Dalam keputusasaan, mereka sering merasa bahwa hidup ibarat puing-puing berserakan. Mereka terseok-seok dalam kegelapan perilaku negatif, termasuk bunuh diri, kecanduan, dan menjadi pengemis. Kekuatan mereka dari masa lalu menjadi menghilang, kerusakan yang mereka alami membuat mereka merasa kehilangan jati diri. Mereka patah semangat, merasa bahwa tidak ada lagi harapan di dunia ini.
Namun, di balik rasa sakit mereka yang tak terbayangkan, mereka tetap bertahan, kuat dalam kelemahan mereka. Mereka tahu pasti bahwa hanya ada sedikit yang bisa mereka lakukan untuk mengatasi dampak dari penderitaan yang mereka alami. Namun mereka tetap berjuang melalui rasa sakit, terus berjuang untuk bertahan hidup, dan untuk mendapatkan kebebasan dan perdamaian.

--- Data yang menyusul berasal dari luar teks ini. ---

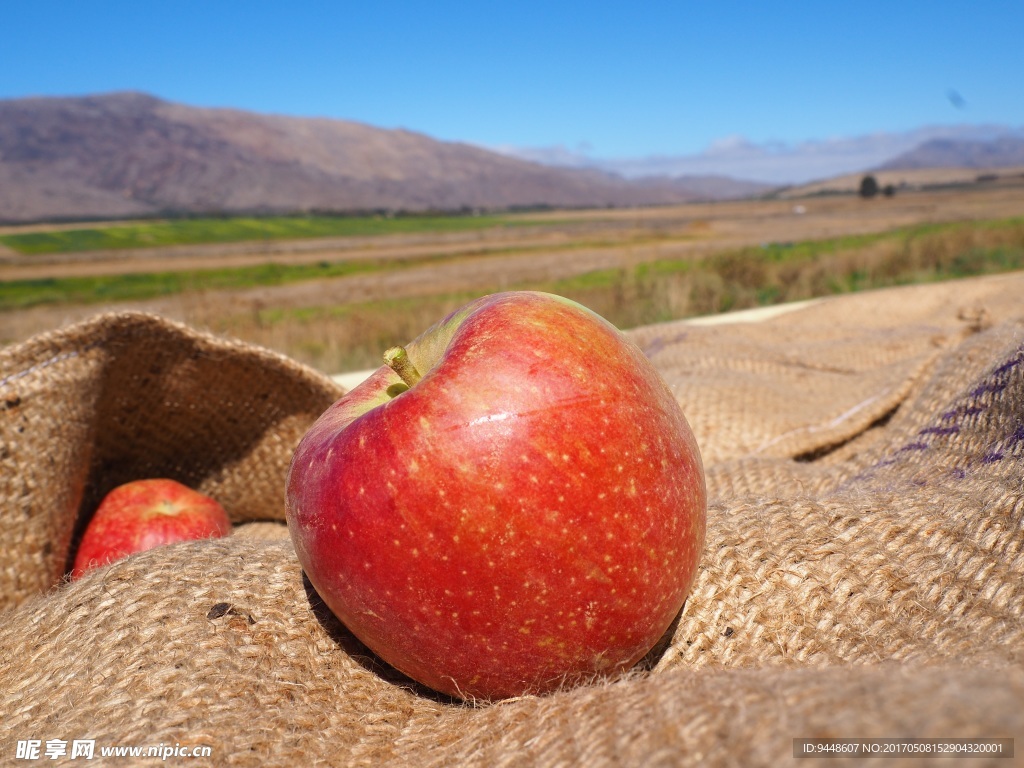 新鲜红苹果高清摄影图片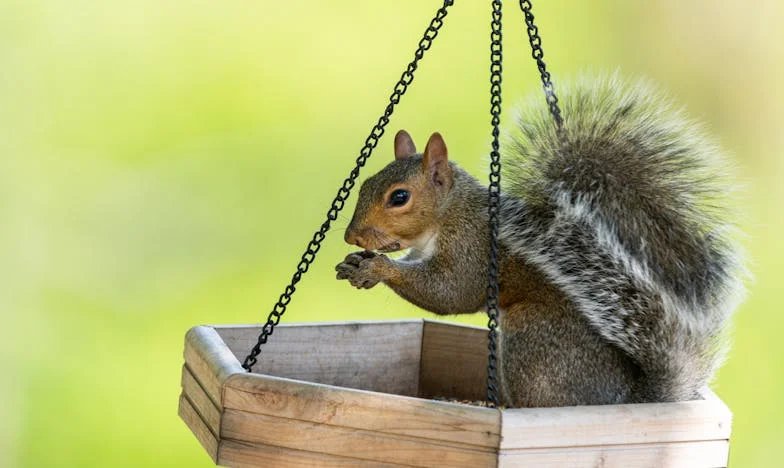 Když rodina praská: Rozhodnutí, které nás rozdělilo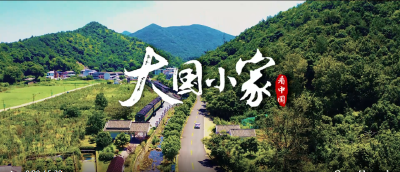 跟着总书记看中国｜大国小家
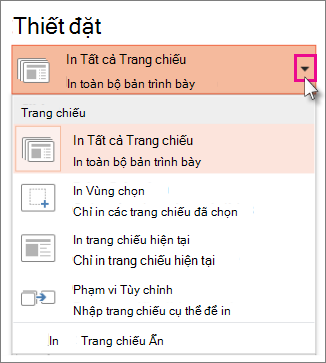 Thiết đặt In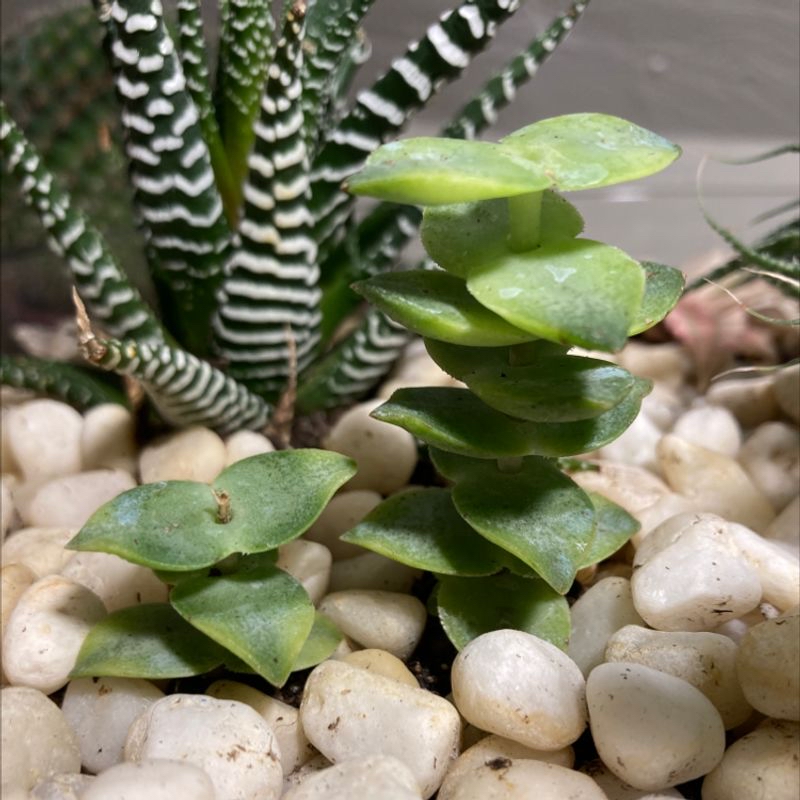 Close-up of healthy Crassula perforata succulent with round, button-like leaves stacked on stems, surrounded by small white pebbles.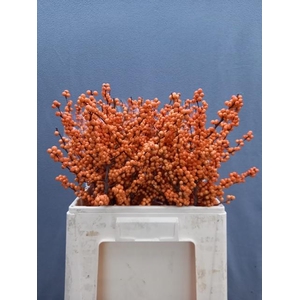 Ilex vert Winter Gold L 6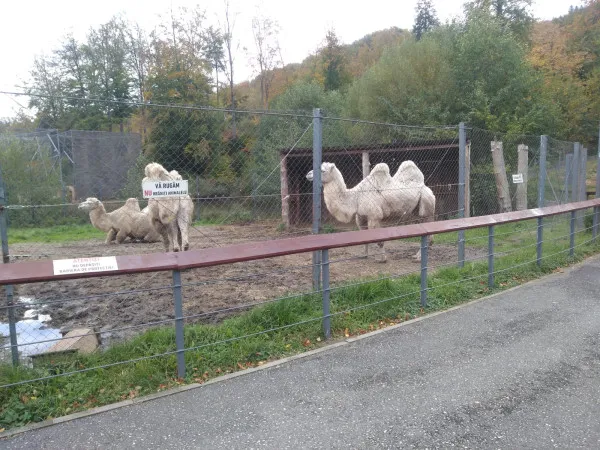 A fost ziua lor, a animalelor şI a celor care le îngrijesc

Seiring waktu yang berjalan, mereka bangkit dari reruntuhan dan memperkuat diri dengan pengalaman masa lalu. Penderitaan dan trauma yang dulu menghantui mereka, yang membuat kekuatan dan identitas mereka hancur, menjadi titik awal perjuangan baru. Mereka meninggalkan puing-puing itu dan membangun kekuatan dari reruntuhan. Mereka melepaskan beban perasaan yang menekan mereka dan mengambil langkah ke depan ke dalam kesempatan baru dan saat-saat bergembira di pagi yang cerah.
Dalam hal ini, peran masyarakat dan pengesahan sosial memainkan peran penting dalam pemulihan wanita korban perang. Dukungan dari keluarga, teman, atau profesional kesehatan mental dapat membantu mereka bertahan sepanjang masa dan mengembalikan hidup mereka ke jalur yang lebih baik. Pemerintah dan organisasi nirlaba juga harus memperkuat peran mereka dalam melindungi, memulihkan, dan membantu wanita korban perang menuju masa depan yang lebih cerah dan damai.
Jadi, mari kita bersama-sama menjadi pendukung yang berdedikasi dalam membantu wanita untuk mendapatkan kekuatan di tengah situasi yang sulit, memberikan mereka harapan untuk masa depan yang baik, menghadapi takdir dengan tekad dan kepercayaan diri dalam mengatasi saat-saat yang menantang.